I am working on a pandas dataframe, business, which was created by reading a csv file in Python. The csv file contains data from the website Yelp.com. One of the columns called attributes has a nested data structure. The length of rows in these columns vary. The following will hopefully make that clear:
business.attributes[0]
>"BikeParking: True,BusinessAcceptsBitcoin: False,BusinessAcceptsCreditCards: True,BusinessParking: {'garage': False, 'street': False, 'validated': False, 'lot': True, 'valet': False},DogsAllowed: False,RestaurantsPriceRange2: 2,WheelchairAccessible: True"
business.attributes[1]
>'BusinessAcceptsBitcoin: False,BusinessAcceptsCreditCards: True'
business.attributes[2]
>"Alcohol: none,Ambience: {'romantic': False, 'intimate': False, 'classy': False, 'hipster': False, 'touristy': False, 'trendy': False, 'upscale': False, 'casual': False},BikeParking: True,BusinessAcceptsCreditCards: True,BusinessParking: {'garage': False, 'street': False, 'validated': False, 'lot': False, 'valet': False},Caters: True,GoodForKids: True,GoodForMeal: {'dessert': False, 'latenight': False, 'lunch': False, 'dinner': False, 'breakfast': False, 'brunch': False},HasTV: True,NoiseLevel: quiet,OutdoorSeating: False,RestaurantsAttire: casual,RestaurantsDelivery: True,RestaurantsGoodForGroups: True,RestaurantsPriceRange2: 1,RestaurantsReservations: False,RestaurantsTableService: False,RestaurantsTakeOut: True,WiFi: free"

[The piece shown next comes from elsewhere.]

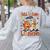 Retro Fall In Love With Learning Autumn Pumpkin Teacher Kids Women's Sweatshirt Back Print Ash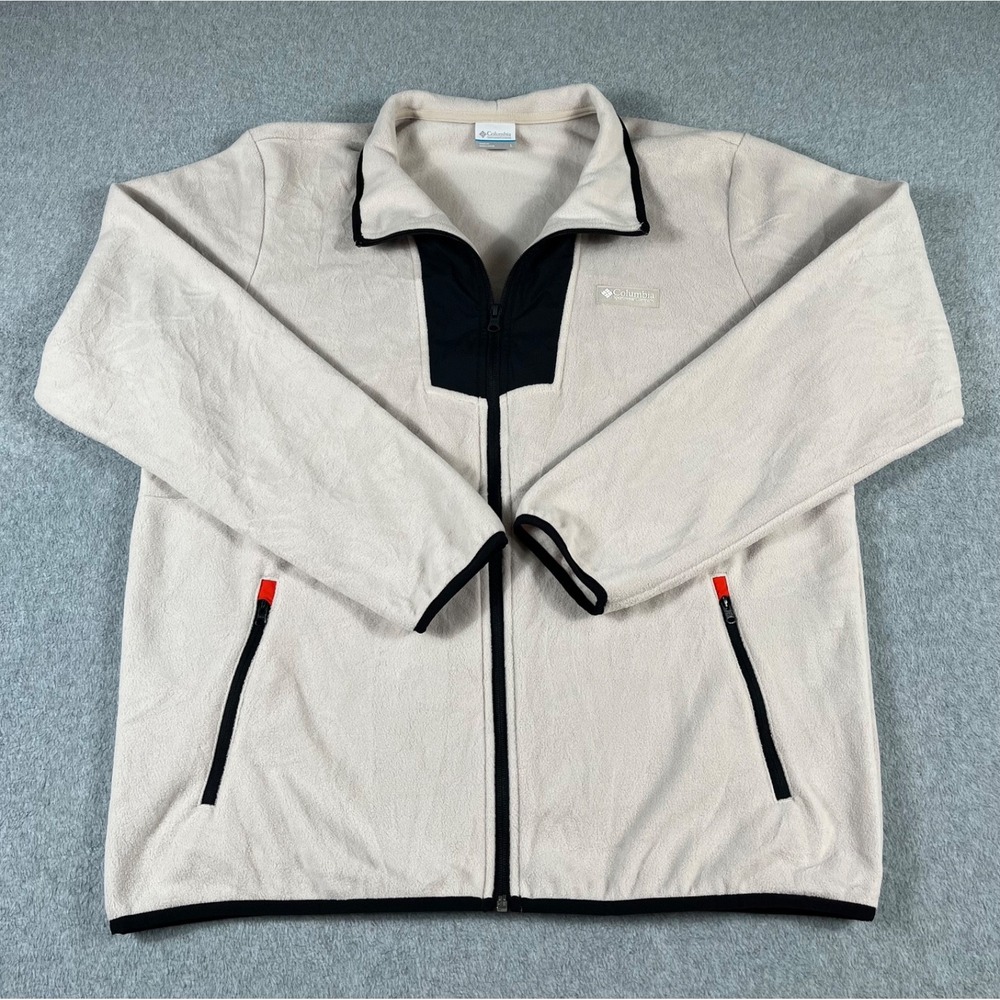 Columbia Men Sequoia Grove Full Zip Fleece Jacket Cream Black AM0596 Size L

I would like to insert multiple columns in the business dataframe and capture values under each attribute in a separate column. Capturing each row in the attribute column gives me a string, but I am struggling to split it because of various types of delimiters and the nested structure. I know that there are 34 different attributes in the dataset with 6 of them having nested values. A sample of an expected output for third row in the above example is in the image below:
Any suggestions in Python or R are welcome to do this task. Please help!!